My conversation with Lido Pimienta was something I never knew I needed and once it happened, I felt like I had been waiting for this moment for a really really long time. After nearly three years of being in Toronto, I have been extremely lucky to connect with many other folks of colour in life and in blog—never really a Latinx though. I never fully realized how I yearned for a space, outside of my siblings, where I could weave in and out of spanish to english and back again. I never knew that I wanted to be recognized as a bit of a weirdo within Latino culture; in dress, in attitude and lifestyle. I never knew that I needed someone to point out the ways I never fully fit. While I’m the luckiest to have such an incredibly accepting family who’d never want to change me, I really needed someone to acknowledge the loneliness of occupying that space. I really needed someone to see me.
Colombian-born (Baranquilla baby) Lido welcomed me into her home on a bitterly cold afternoon and I was immediately blown away by her confidence. As immigrants and children of immigrants, we learn to survive by killing that which makes us different or pretending it was never there. Lido’s creative drive seems unaffected by systemic prejudices that aim to keep us in our lane. From drawings to textiles and music (new album out this year!), Lido will find a way.
Images and interview by Karen Campos Castillo
Can you talk about your thesis and the inspiration behind it?
For my thesis I am discussing the democratization of space in the gallery using my curatorial debut show ‘A Secret Garden’ as case study. I wanted to push myself and be an artist-curator and facilitator; I created a series of workshops that brought people together with the purpose of exchanging knowledge. My goal is to manage my own artist-run centre, get together with black and latino curators and start the greatest Black/Latino artist-run centre ever! (which is lacking in Canada)
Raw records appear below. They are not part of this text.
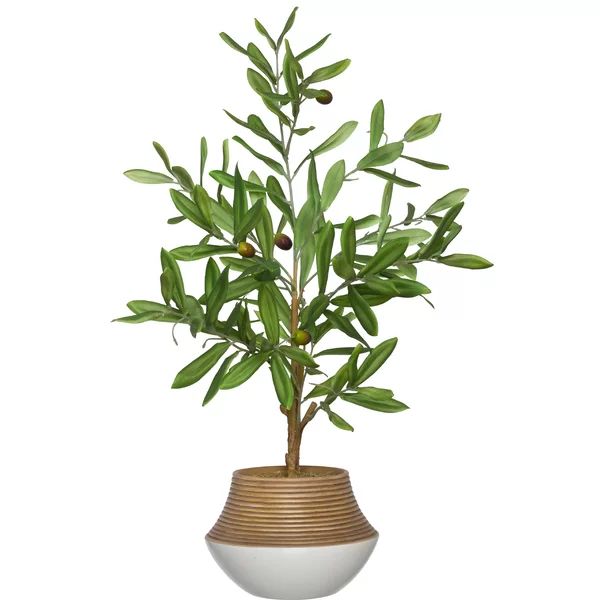 Artificial Olive Tree Tree in Planter | Wayfair North America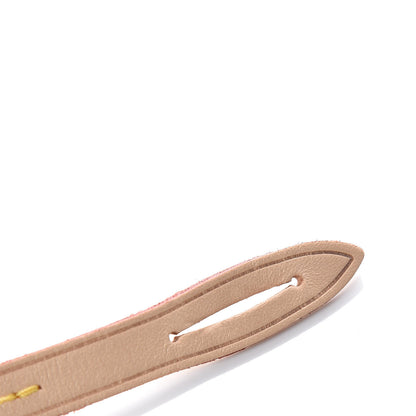 Louis Vuitton Vachetta Pochette Accessories Strap NM 4 of 4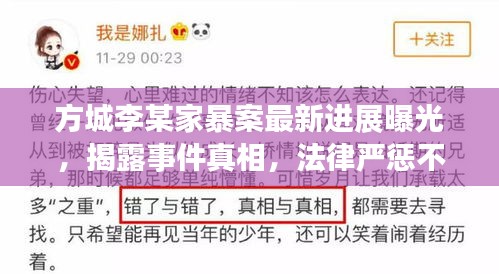 方城李某家暴案最新进展曝光，揭露事件真相，法律严惩不贷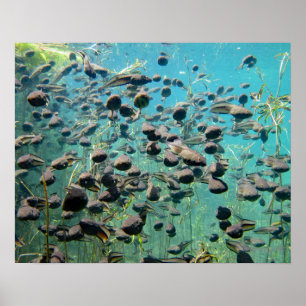 Egesloten a Creek Tadpoles Poster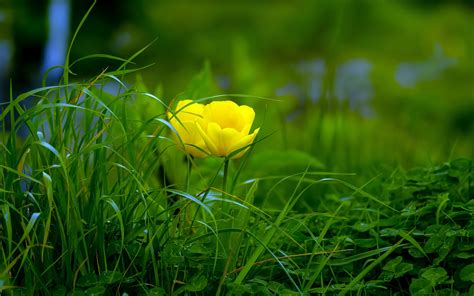 2018 Beautiful Yellow Flowers Plant Nature Photography Preview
As a child of immigrants, I have felt the pressure to seek job stability and the arts rarely provide that. How does your family feel about your art pursuits?
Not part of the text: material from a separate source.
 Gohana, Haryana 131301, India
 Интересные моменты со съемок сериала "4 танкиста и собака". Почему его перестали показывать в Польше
My mom has always been supportive of me. Since I could remember my mother paid for music, art lessons, made all my costumes for shows and allowed me to have a bunch of my friends over playing super loud drums until really late at night. I think all parents want their kids to be financially stable. It’s ok to have that concern—art is mainly a hustle. One must be really talented, really lucky or both to be able to make any real money in this, but it is not impossible. One should always do what feels right.
As immigrants, we just have to fight harder.
Where does your confidence come from?
It comes from knowing who I am, where I am from and where I am going.
Once I realized that the Canadian Landscape was a construct, the truth started unfolding.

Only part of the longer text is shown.